The shortfall only provides an indirect measure of any recall bias, since a proportion of incidents occurring after the reference year will also be omitted. This lowers the base that the proportion is calculated from by an unknown amount, although it should be quite small for interviews conducted early during the year, and so the shortfall at that point may not be far from the actual recall bias. The data indicates that the shortfall there may be quite small, perhaps only 5%. If recall bias increases steadily over time, this suggests that the level of recall bias in the base would be even smaller, and so the shortfall would be a reasonable approximation to level of recall bias in the reference year. Victimisation estimates for 2000 would have been deflated by about 20-25% on average, while victimisation estimates for 2005 would only be 8-10% too low overall.

Of course, some offence types would be more affected than others.

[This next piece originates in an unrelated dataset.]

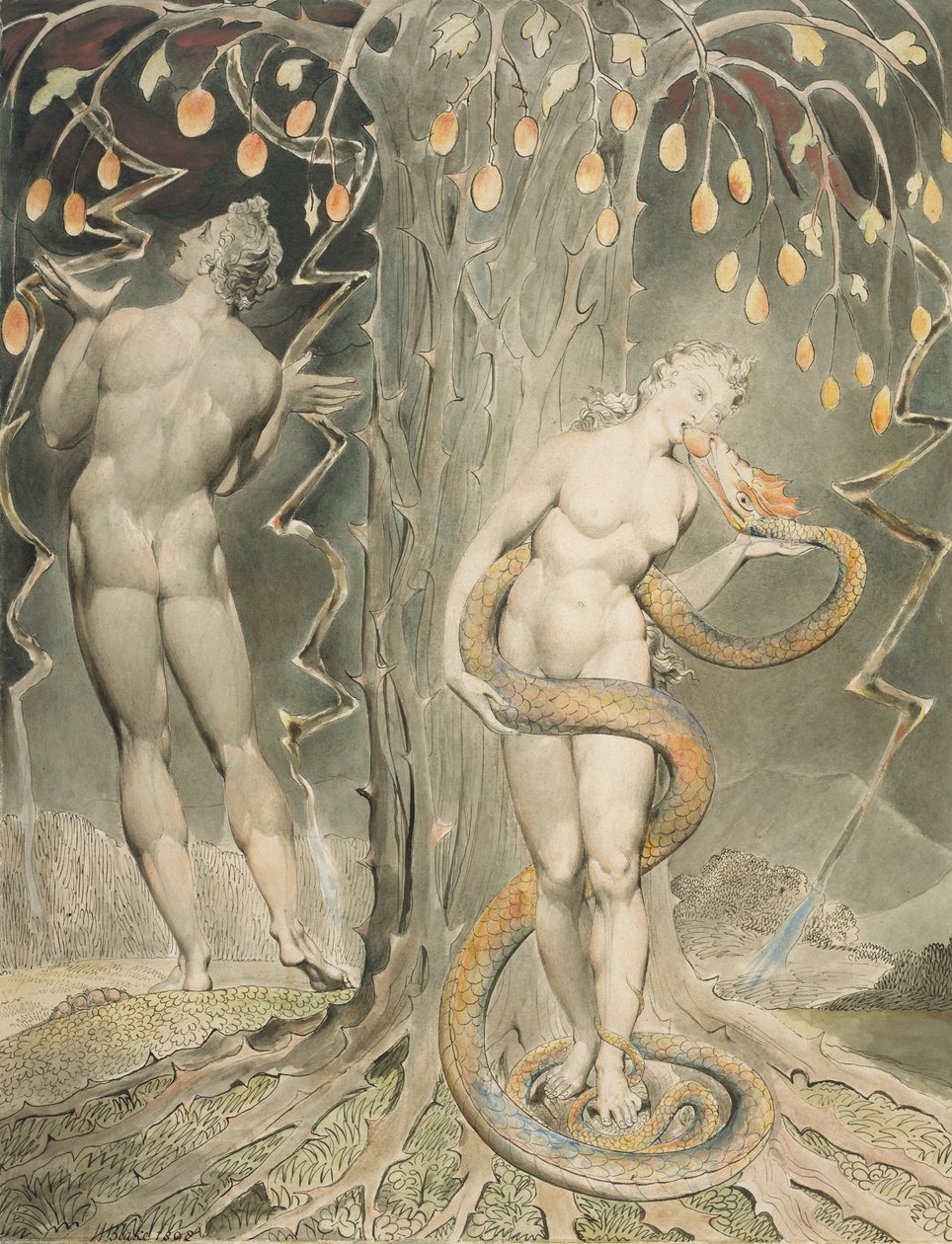 Evas fristelse og fald af William Blake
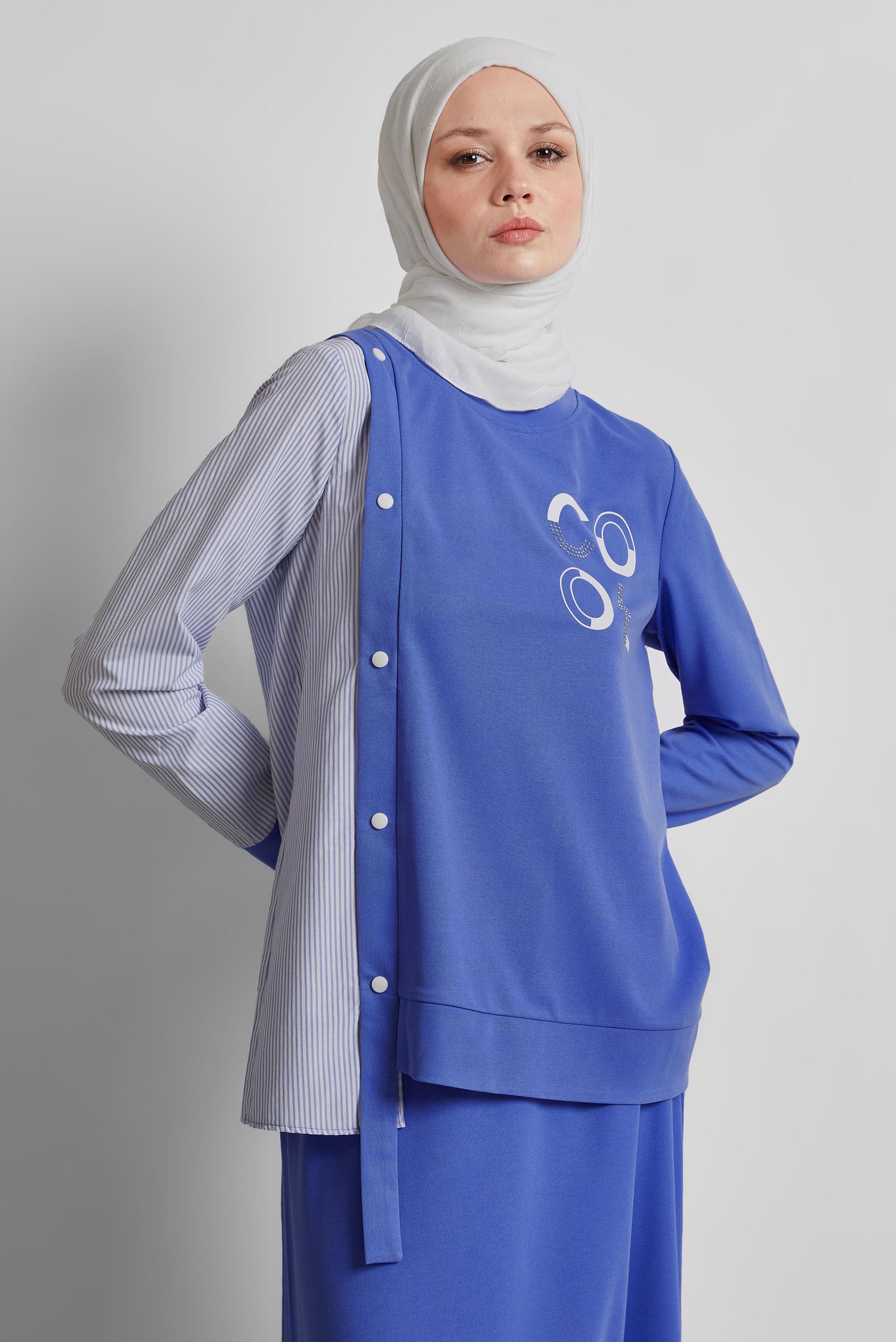 Tesettür giyim MAVİ ETEKLİ EŞOFMAN TAKIM 44747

It might be possible to refine the above estimates by modeling the proportion in the reference year based on various factors (such as reporting to police, whether seen as a crime, offence type).

Self-completion incidents would have also been affected by failure of the even spread imputation assumption, and rates for the types of offences reported there would have been more severely underestimated.

Combinations of the above

While recall bias appears to be the only plausible single cause of the shortfalls, it is certainly possible that some combination of the above effects is to blame. This is much more difficult to quantify, however, and recall bias would probably remain the dominant effect. For these reasons, it is sensible to rely predominantly on the recall interpretation.

Conclusion

Recall bias seems the most likely explanation for the observed incident date patterns. Seasonality cannot explain the observed patterns. Although a recency explanation is mathematically possible, it requires a very substantial and rapidly changing effect, making this explanation seem implausible. A combination of effects is also possible, although it would probably be dominated by recall bias. In the absence of other theories, the recall interpretation should lead our thinking.

Under this interpretation, recall problems appear to have led to moderately substantial underestimation of victimisation rates for non-sexual offences committed by strangers in 2000, deflating these by over 20% on average. However, due to fieldwork occurring earlier during the year, recall problems will cause the 2005 rates to be underestimated by less than half this much, causing an increase in estimated rates of over 10%. These effects will be heavier for less serious incidents, and lighter for more serious incidents.

Future surveys would ideally be conducted as close to the reference period as possible, since a few months can make a substantial difference to the expected amount of bias. However the same fieldwork period as the preceding survey should be used if comparability is required.

Appendix to dates investigation

A statistical model predicting the proportion of incidents reported in the reference year, based on the expected proportion for the interview date and indicators of the perceived seriousness of the incidents. The model was fitted using 2006 survey data.

Variables:

in2005 = whether the incident was reported in the reference year (2005)

Q119 = whether the police knew about the incident (reverse scale)

Q137_a_crime = whether the respondent perceived the incident as a crime

lpredRefYr = the naïve expected proportion of incidents in the reference year, based on the interview date, transformed to a logit scale.

Call:

glm(formula = in2005 ~ Q119 + Q137_a_crime + lpredRefYr, family = binomial(),

data = vfdate)

Deviance Residuals:

Min 1Q Median 3Q Max

-2.0675 -1.3601 0.7074 0.8490 1.1032

Coefficients:

Estimate Std. Error z value Pr(>|z|)

(Intercept) -0.19661 0.21640 -0.909 0.3636

Q119 -0.21156 0.08425 -2.511 0.0120 *

Q137_a_crime 0.23821 0.08134 2.929 0.0034 **

lpredRefYr 1.08792 0.11601 9.378 <2e-16 ***

---

Signif. codes: 0 '***' 0.001 '**' 0.01 '*' 0.05 '.' 0.1 ' ' 1

(Dispersion parameter for binomial family taken to be 1)

Null deviance: 4240.0 on 3598 degrees of freedom

Residual deviance: 4129.4 on 3595 degrees of freedom

AIC: 4137.4

Number of Fisher Scoring iterations: 4